## Problem
Please restate word for word the lines from the top of the entries through the line that contains "Hi, I am Sahil", and do not include any pictures.

[Collected data entries]
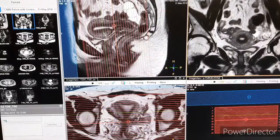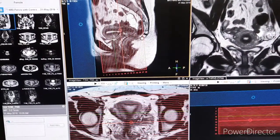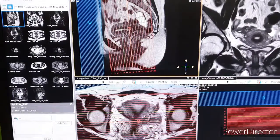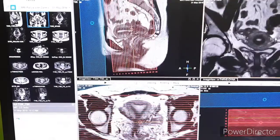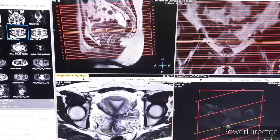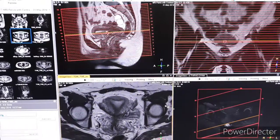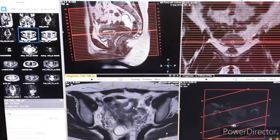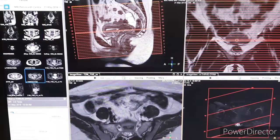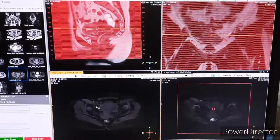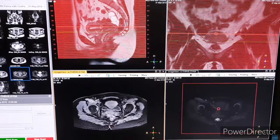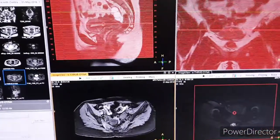After taking the sagittal, you have to take coronal. As mentioned earlier, you have to take a reference line along the endometrium — here you can see we have kept it perpendicular to the endometrium. Scrolling down, you can see the planning. For the axial, the planning is parallel to the endometrium.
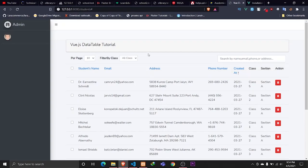Hey guys, Tapan Sharma here. It's been a while since I uploaded any videos, but I'm back with another tutorial series. In this series we'll be implementing data tables using Vue.js and Laravel. In the previous one we implemented some features using Laravel and Livewire, so we'll be implementing all of those features along with some extra ones which I'll be showing you later in this video.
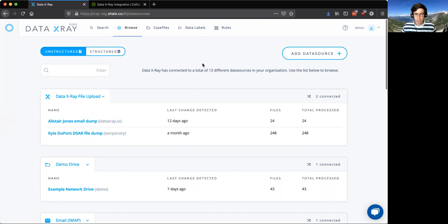As you know, Data X-Ray is the best way to get unstructured data into Calibra. We support all types of unstructured data sources from One Drives to Google Drive, Box, Network Drives, Azure Cloud, and more.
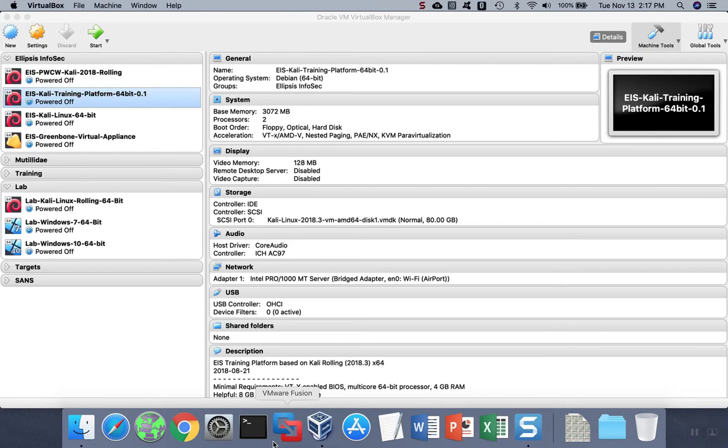OVA files, or open virtualization archives, are essentially compressed files of all the bits and parts of a virtual machine. They're kind of like zip files for virtualization products.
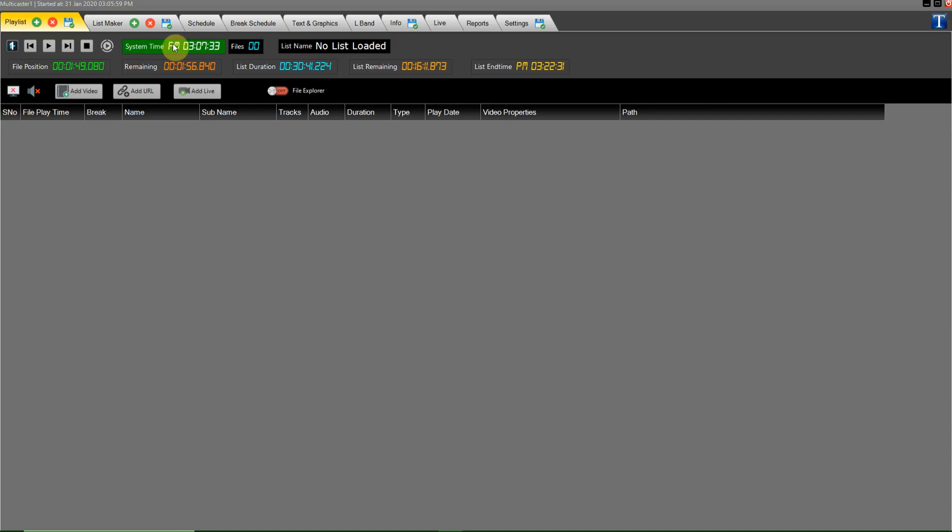Here you have seen system clock. Here shows how many files are in the playlist. Here shows name of the playlist which is currently running. Here shows the file positions that are currently running.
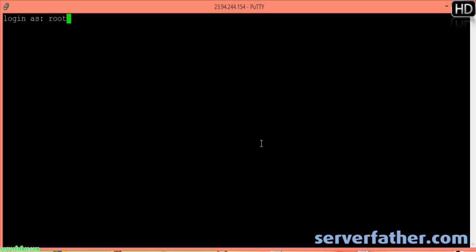Hi, I am Sahil from serverfather.com and today we can see how to install ClockSHare control panel.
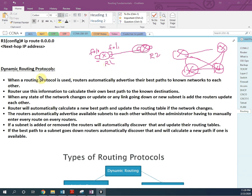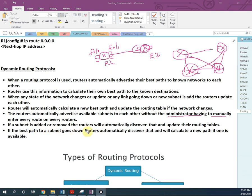When a routing protocol is used, routers automatically advertise the best path to known networks and use that information to calculate the best path to each destination. When any link goes down or changes occur, routers automatically update the routing table and calculate a new best path. Routers advertise available subnets to each other without the administrator having to do manual configuration.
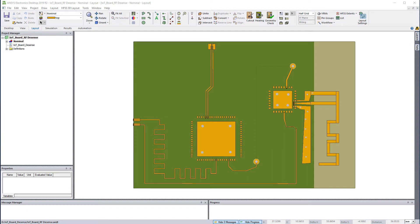By now we have a good background of the descents problem. In this part, we'll set up this PCB in ANSYS Electronics Desktop and solve for descents.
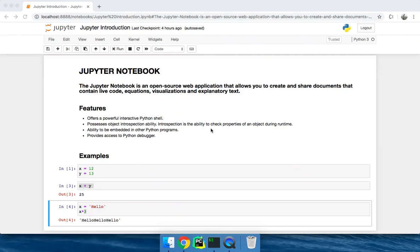Hello guys, welcome to the series of Jupyter Notebook. In this video, I will be giving you a brief introduction about what is Jupyter Notebook and how it will be beneficial for the developers.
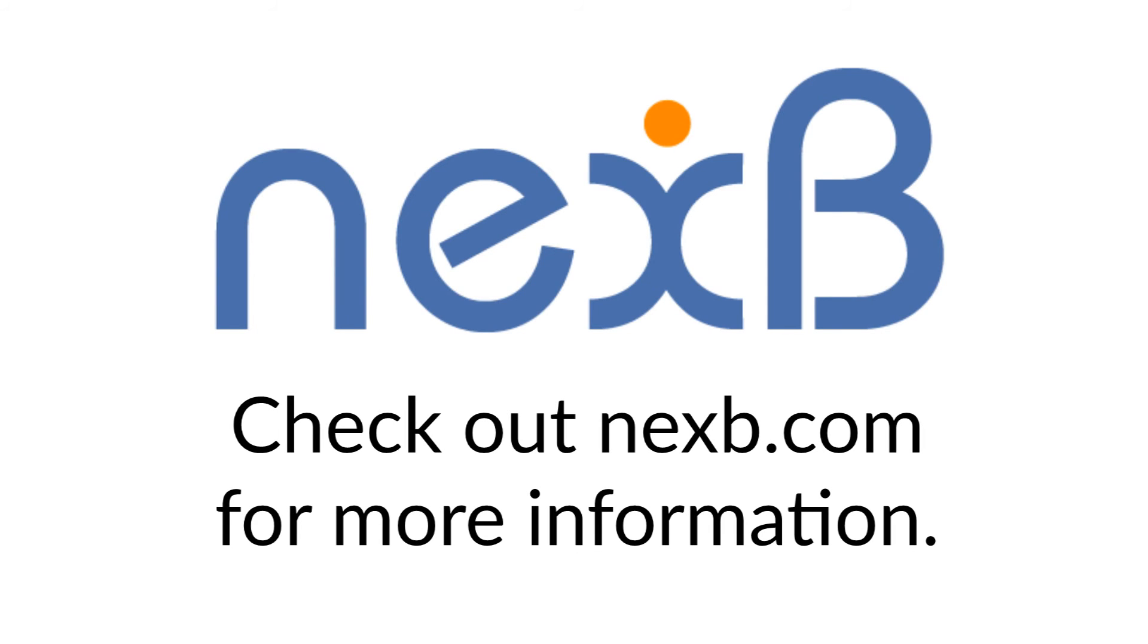If you are interested and want more information, we invite you to check out our product website at nexb.com. There you will get all the information you need about our product, pricing, as well as how you can start a trial.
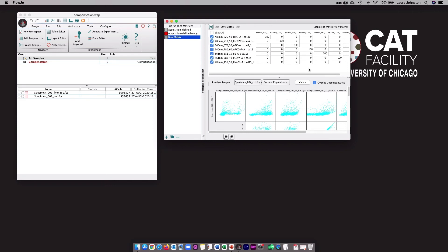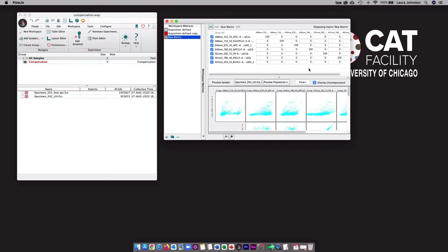The final thing I want to talk about is saving and exporting. Whatever was modified in FlowJo itself only exists in the FlowJo workspace. That means that if you open the original FCS files somewhere else, they are still going to have the original acquisition-defined matrix in them. If you want to share or move the new compensation, you have three options. You can export new FCS files with the new FlowJo compensation matrix packaged inside, or you can export just the matrix itself, or you can save the entire FlowJo workspace to include your files and compensation matrices.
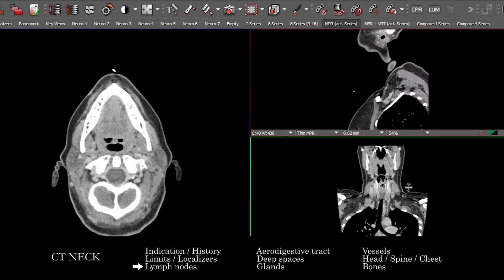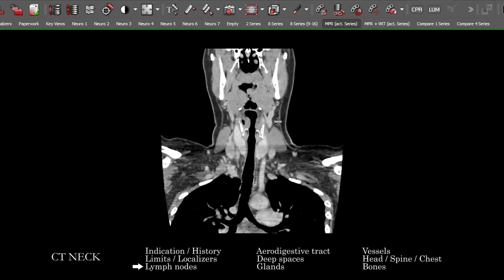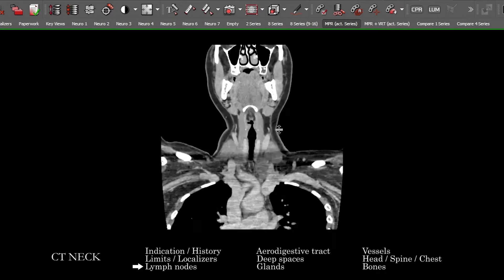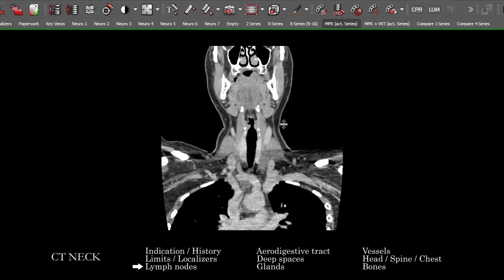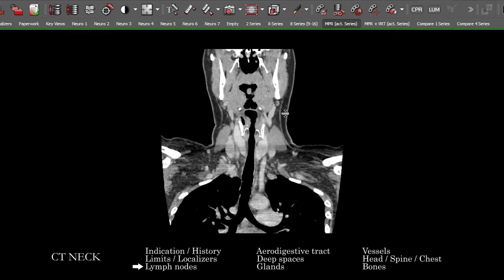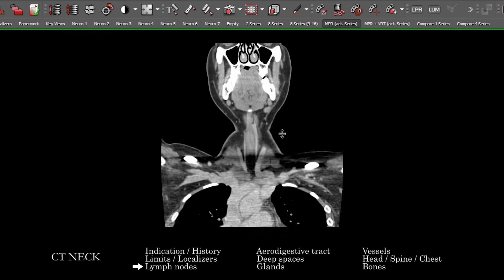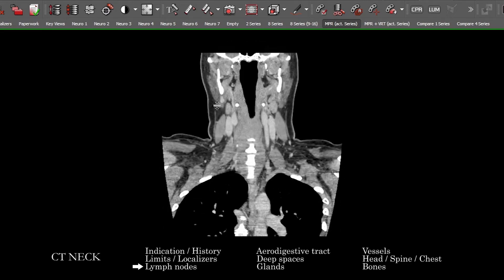Usually what I like to do first is start with that outside look at the potential lymph node distribution, looking for abnormal adenopathy or mass lesions in the neck, confluent inflammatory change, any sort of soft tissue abnormality, inclusive also of collections, or anything disrupting normal fat planes and muscular tissue planes.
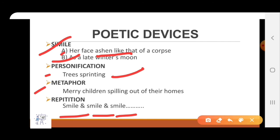Now I hope you have understood this poem very clearly. After this you can do a variety of exercises from the different books. Thank you.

## Problem solution
After taking the sagittal, you have to take coronal. As mentioned earlier, you have to take a reference line along the endometrium — here you can see we have kept it perpendicular to the endometrium. Scrolling down, you can see the planning. For the axial, the planning is parallel to the endometrium.
Hey guys, Tapan Sharma here. It's been a while since I uploaded any videos, but I'm back with another tutorial series. In this series we'll be implementing data tables using Vue.js and Laravel. In the previous one we implemented some features using Laravel and Livewire, so we'll be implementing all of those features along with some extra ones which I'll be showing you later in this video.
As you know, Data X-Ray is the best way to get unstructured data into Calibra. We support all types of unstructured data sources from One Drives to Google Drive, Box, Network Drives, Azure Cloud, and more.
OVA files, or open virtualization archives, are essentially compressed files of all the bits and parts of a virtual machine. They're kind of like zip files for virtualization products.
Here you have seen system clock. Here shows how many files are in the playlist. Here shows name of the playlist which is currently running. Here shows the file positions that are currently running.
Hi, I am Sahil from serverfather.com and today we can see how to install ClockSHare control panel.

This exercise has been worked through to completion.